▶ [Data section]:

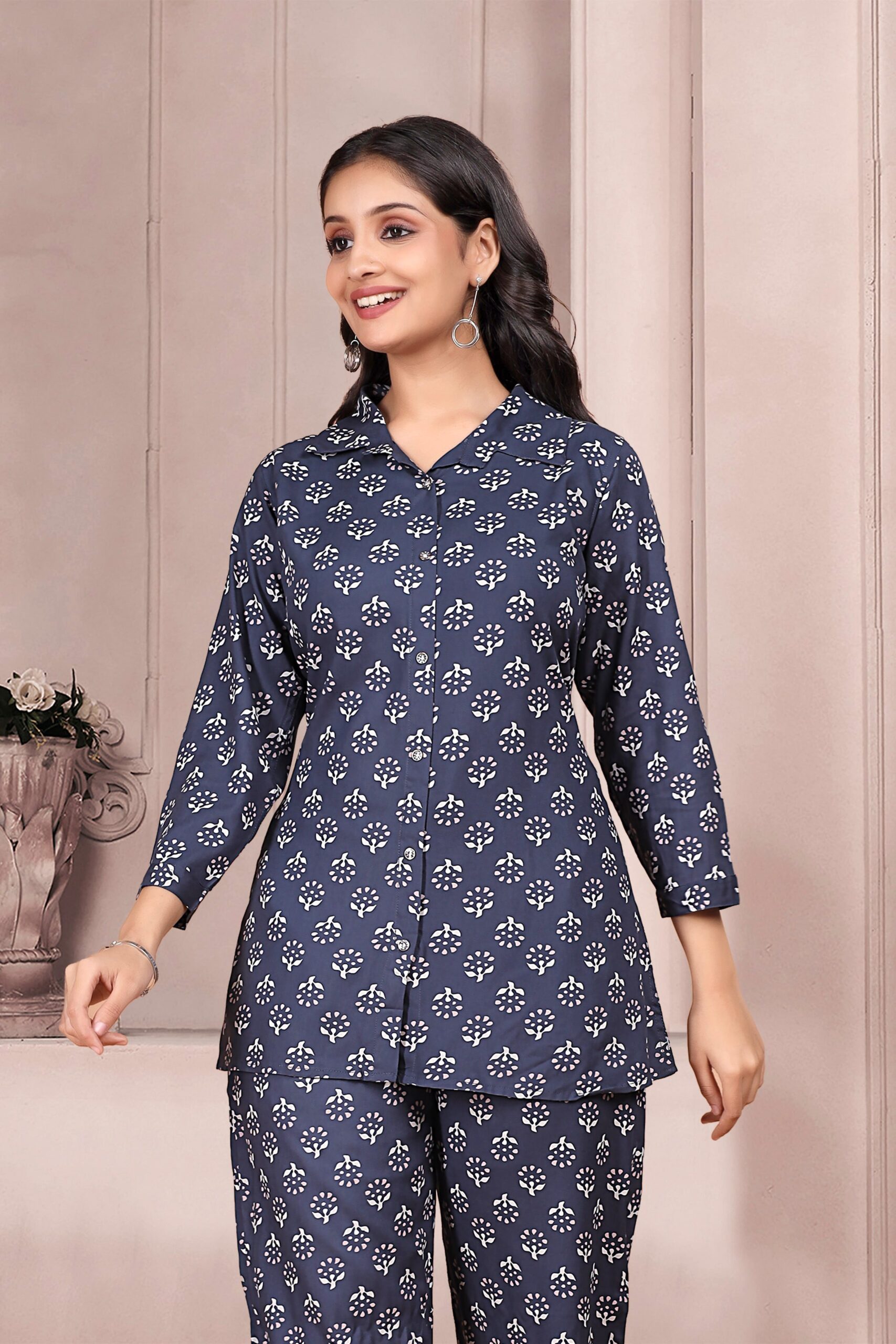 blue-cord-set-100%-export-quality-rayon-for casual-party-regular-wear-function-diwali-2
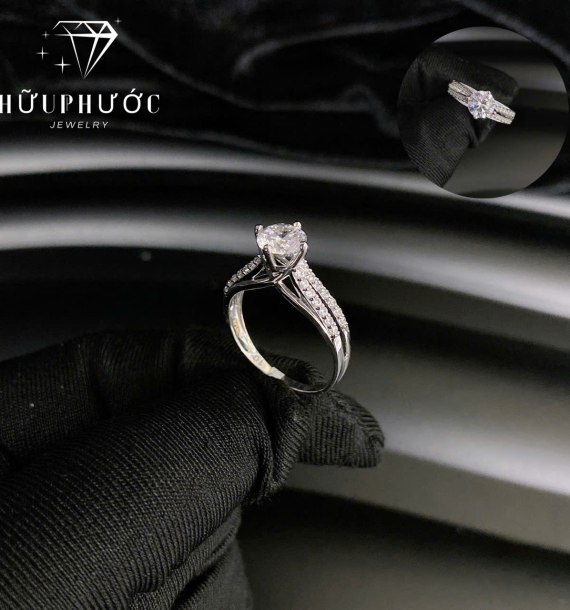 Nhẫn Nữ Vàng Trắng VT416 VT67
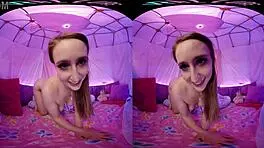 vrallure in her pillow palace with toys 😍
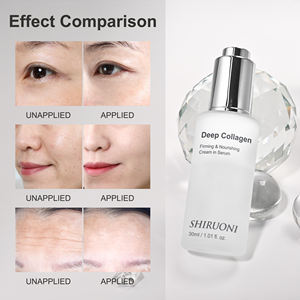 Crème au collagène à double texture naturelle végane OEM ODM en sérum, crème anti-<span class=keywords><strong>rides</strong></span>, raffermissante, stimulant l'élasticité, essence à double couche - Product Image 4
---
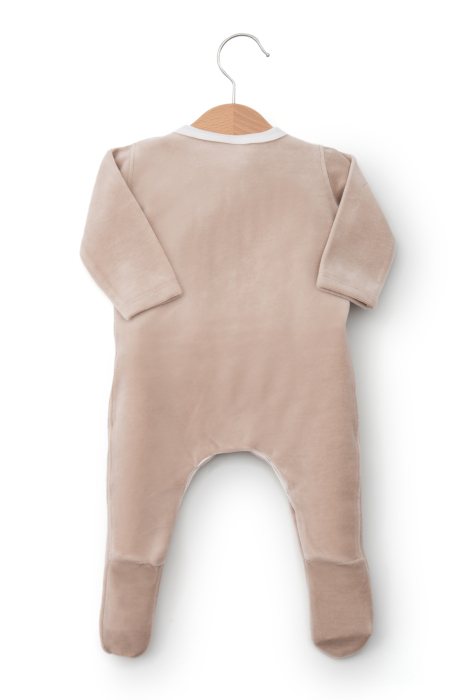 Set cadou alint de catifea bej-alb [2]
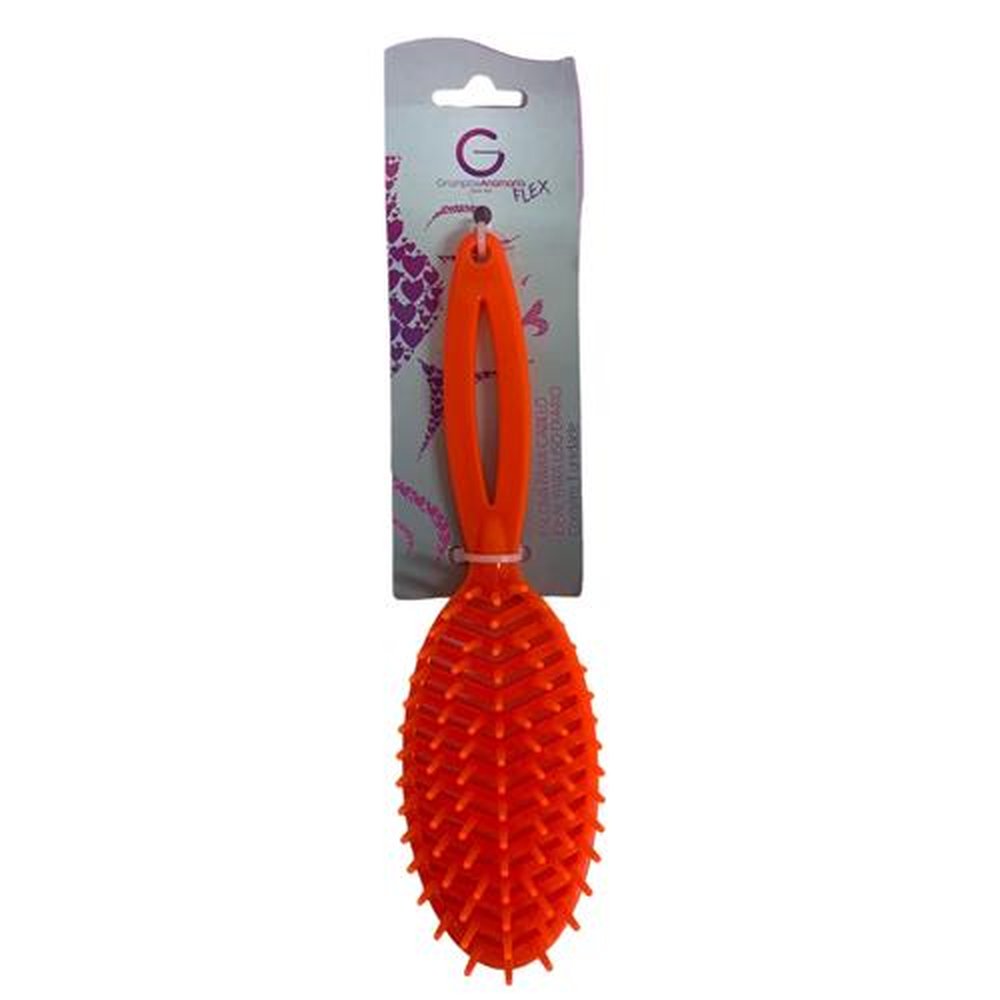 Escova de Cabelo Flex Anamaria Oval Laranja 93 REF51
==
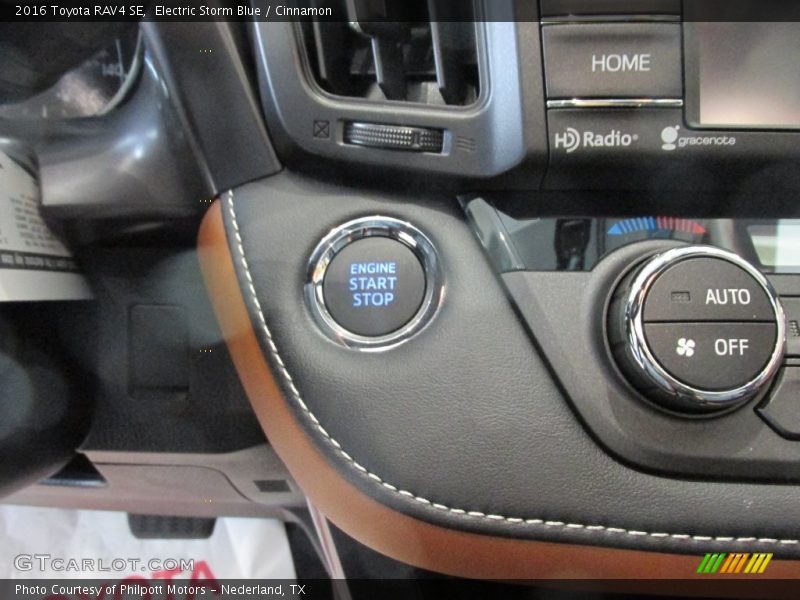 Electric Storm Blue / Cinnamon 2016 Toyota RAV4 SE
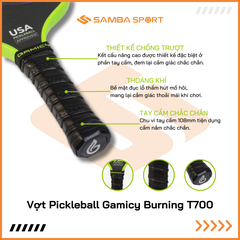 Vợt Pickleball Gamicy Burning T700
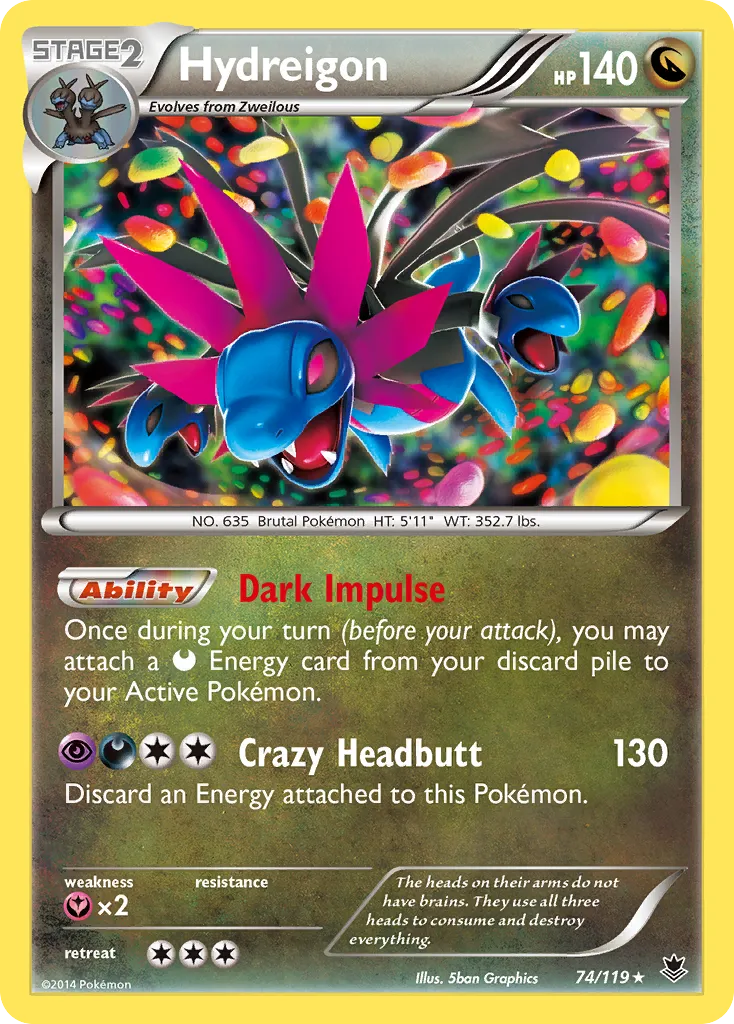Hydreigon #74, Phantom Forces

▶ [Aim of the task]: Copy word for word the lines of the records above from the one with "Set cadou alint de catifea bej-alb [2]" up to and including the one with "Escova de Cabelo". Skip the pictures.

▶ [Expected answer]:
 Set cadou alint de catifea bej-alb [2]
 Escova de Cabelo Flex Anamaria Oval Laranja 93 REF51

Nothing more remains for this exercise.